In 1906, Sears Roebuck opened a mail-order plant in Chicago. Sears Roebuck was one of the very first large corporations. It was in the mail-order business. It used content to make the sale. It was the largest business building in the world. The Sears catalogue stated that the plant was using “every known mechanical appliance for reducing labor.” It was said that Henry Ford visited the plant.

Richard Sears “was a copywriter of genius” according to The Company, a book by John Micklethwait and Adrian Wooldridge. So, Richard Sears was a writer. His corporation certainly excelled at many other things, but it was built on the ability to write well.

Content has rarely been recognized as being an important contribution to business growth and productivity. But it was the foundation upon which the first truly modern corporation was built. Richard Sears began as a station master in a small Minnesota town. Because he had an eye for content he was able to create a business empire.

Sears Roebuck was in the business of mail-order; the business of direct sales. This is the same business that Amazon, and every other website, is in. It is the business of using content to get a result. If you have a website-an intranet or public website-you are in the business of using content to get a result. But what result?

Most managers do not respect writers. They don’t believe that content delivers direct, measurable results. If a young Richard Sears was joining a web team today as a copywriter he would get paid much less than if he was joining that same team as a programmer. And why is that?

The fact that content is not respected today as delivering business value is not the problem of management. It is your problem. You, the content professional, need to solve this problem, and not wait for some mythical moment when management finally “gets it.”

People who create content, unfortunately, are often their own worst enemies. They see writing a good piece of content as the objective. That is not the objective. The objective is to make a sale. The objective is to help a customer solve a problem. The objective is to help a staff member decide which health care plan is best for them.

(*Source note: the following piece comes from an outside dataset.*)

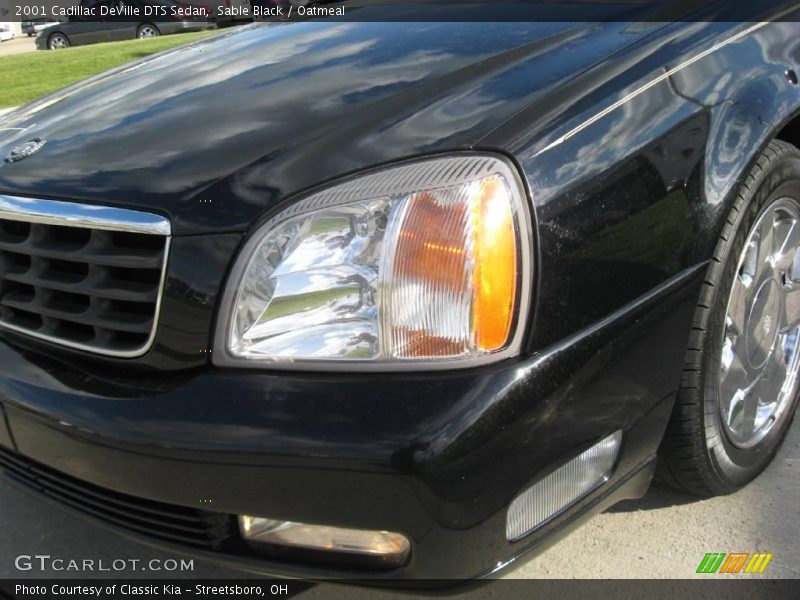 Sable Black / Oatmeal 2001 Cadillac DeVille DTS Sedan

What problem is your content seeking to solve? Richard Sears saw that rural America faced limited choice and high prices. Content was a key part of a wider choice, lower price solution.

You must show how your content delivers measurable value. You must use numbers to prove your case. Forget about number of visitors, page views, etc. These are all primitive metrics that are often misleading, and rarely indicative of genuine value.

If you are a government website, are you helping people renew their driving license? How much easier and faster have you made it compared to how it was before? It’s all about the tasks.

A website that cannot identify real tasks and make those tasks easier and faster has no purpose because it delivers no value.

Richard Sears might start off on a low salary, but within a year he would be the highest paid on the team. He would have proven how his words made the sale, delivered the service and built the brand.